* [Dataset entries]:
-- -- --
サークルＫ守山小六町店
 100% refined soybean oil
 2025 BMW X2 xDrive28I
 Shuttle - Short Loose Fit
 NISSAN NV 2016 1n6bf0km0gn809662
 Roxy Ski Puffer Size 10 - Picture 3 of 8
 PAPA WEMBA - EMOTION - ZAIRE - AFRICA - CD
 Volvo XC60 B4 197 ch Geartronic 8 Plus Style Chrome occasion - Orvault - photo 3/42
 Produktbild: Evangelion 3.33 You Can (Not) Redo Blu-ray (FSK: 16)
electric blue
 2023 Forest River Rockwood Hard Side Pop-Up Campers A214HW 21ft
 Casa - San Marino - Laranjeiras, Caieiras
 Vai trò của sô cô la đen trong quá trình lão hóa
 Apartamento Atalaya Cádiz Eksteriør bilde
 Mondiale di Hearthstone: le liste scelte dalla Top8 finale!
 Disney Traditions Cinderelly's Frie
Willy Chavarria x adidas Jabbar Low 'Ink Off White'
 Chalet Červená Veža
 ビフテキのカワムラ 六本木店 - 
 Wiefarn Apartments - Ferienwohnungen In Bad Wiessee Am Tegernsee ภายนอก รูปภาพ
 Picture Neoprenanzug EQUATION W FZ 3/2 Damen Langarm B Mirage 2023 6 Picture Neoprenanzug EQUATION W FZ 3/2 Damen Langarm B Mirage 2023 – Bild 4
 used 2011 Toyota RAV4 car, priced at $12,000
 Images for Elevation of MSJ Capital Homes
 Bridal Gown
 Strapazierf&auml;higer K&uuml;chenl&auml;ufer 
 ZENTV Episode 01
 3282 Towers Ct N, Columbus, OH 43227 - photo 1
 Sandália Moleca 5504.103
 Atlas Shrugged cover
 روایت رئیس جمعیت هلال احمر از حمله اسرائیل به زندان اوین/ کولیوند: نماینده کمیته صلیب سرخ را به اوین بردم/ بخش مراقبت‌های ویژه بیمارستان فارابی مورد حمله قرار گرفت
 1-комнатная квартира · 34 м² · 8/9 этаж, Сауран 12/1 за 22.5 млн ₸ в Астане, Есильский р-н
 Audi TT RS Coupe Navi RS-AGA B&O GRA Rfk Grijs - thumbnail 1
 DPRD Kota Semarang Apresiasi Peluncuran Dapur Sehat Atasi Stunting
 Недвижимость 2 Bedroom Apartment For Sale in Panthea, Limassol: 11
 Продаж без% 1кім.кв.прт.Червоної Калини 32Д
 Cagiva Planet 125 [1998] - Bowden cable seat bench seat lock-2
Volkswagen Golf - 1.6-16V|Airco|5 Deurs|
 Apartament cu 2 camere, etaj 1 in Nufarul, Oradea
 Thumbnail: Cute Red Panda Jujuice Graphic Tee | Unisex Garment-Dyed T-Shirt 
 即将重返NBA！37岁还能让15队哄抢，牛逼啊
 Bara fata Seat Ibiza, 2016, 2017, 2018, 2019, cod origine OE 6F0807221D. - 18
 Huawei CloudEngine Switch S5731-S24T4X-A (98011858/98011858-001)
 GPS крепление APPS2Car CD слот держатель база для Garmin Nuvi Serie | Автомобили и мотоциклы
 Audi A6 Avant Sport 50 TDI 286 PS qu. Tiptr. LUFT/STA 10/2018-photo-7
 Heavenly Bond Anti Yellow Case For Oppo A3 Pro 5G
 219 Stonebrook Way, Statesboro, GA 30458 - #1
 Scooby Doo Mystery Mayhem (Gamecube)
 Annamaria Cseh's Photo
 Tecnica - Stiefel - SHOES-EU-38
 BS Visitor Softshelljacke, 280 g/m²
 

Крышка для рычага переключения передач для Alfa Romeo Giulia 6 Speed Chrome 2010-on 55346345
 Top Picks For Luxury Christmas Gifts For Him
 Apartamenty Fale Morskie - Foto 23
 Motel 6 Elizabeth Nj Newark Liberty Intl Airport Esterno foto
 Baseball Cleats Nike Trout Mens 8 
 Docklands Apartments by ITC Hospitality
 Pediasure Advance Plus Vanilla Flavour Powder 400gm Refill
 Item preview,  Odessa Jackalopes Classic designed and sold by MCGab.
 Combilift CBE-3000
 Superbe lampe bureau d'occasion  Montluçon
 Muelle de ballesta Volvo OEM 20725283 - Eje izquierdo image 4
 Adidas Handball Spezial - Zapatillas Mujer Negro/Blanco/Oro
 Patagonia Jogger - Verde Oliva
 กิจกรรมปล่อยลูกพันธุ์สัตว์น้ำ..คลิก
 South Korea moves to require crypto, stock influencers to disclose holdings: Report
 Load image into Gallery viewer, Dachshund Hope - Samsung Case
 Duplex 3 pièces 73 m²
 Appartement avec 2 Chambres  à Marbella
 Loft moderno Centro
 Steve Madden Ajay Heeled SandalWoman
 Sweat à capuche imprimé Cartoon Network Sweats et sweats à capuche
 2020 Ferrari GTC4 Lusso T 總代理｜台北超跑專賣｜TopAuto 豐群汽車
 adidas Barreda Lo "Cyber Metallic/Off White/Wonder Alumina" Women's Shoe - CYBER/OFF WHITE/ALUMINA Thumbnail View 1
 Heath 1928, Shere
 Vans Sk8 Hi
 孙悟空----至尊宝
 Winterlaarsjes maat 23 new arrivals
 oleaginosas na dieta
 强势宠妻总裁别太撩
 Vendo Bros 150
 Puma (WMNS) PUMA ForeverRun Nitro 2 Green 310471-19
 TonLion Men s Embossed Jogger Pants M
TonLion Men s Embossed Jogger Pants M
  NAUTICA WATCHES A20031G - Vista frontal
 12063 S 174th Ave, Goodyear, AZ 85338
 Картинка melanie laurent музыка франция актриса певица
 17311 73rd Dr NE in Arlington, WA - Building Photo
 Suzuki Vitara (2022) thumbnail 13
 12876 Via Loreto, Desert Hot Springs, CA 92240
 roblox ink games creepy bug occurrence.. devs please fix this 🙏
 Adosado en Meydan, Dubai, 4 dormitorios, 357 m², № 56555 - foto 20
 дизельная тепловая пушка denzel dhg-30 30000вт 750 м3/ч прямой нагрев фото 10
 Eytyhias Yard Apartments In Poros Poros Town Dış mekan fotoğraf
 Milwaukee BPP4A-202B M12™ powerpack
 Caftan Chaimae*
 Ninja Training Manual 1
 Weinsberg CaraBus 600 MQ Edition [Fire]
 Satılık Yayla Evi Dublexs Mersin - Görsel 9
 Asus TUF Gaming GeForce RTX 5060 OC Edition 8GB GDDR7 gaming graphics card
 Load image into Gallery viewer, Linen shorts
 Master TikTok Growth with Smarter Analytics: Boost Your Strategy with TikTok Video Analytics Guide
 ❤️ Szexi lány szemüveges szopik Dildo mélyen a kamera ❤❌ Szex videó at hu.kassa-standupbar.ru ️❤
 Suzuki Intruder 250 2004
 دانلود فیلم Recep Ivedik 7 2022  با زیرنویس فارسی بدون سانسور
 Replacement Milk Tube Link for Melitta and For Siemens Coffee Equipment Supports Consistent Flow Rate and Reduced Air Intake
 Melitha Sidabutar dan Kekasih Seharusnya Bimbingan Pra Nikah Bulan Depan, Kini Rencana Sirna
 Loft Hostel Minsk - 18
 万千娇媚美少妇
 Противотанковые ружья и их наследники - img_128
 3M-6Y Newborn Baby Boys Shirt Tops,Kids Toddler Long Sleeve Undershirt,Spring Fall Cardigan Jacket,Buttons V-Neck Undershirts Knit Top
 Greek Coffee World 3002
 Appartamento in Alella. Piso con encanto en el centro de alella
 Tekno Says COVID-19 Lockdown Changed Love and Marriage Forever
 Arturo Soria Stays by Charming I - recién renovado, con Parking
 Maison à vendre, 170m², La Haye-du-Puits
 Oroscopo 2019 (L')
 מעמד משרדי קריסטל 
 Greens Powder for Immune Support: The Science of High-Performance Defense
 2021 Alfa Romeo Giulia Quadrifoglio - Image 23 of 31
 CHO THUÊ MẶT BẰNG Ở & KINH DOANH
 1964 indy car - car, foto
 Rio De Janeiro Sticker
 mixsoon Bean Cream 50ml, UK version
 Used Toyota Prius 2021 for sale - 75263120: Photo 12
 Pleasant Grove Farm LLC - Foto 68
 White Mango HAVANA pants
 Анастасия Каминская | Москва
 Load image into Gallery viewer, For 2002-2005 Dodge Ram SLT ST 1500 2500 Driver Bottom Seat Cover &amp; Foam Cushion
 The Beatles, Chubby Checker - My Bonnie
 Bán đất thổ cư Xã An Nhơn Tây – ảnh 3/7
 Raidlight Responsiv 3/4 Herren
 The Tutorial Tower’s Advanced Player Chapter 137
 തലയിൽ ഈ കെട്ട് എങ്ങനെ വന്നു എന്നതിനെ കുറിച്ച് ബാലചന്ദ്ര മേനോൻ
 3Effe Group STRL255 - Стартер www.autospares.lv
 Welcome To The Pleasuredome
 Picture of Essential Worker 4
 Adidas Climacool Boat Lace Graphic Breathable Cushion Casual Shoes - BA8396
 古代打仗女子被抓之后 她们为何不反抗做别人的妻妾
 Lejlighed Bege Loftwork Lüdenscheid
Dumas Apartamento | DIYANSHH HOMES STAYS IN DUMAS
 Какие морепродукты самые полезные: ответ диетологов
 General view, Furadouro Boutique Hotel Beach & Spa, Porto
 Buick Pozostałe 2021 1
-- -- --
* [Task objective]:
Pick out each line in the material containing "TonLion".

* [Answer box]:
 TonLion Men s Embossed Jogger Pants M
TonLion Men s Embossed Jogger Pants M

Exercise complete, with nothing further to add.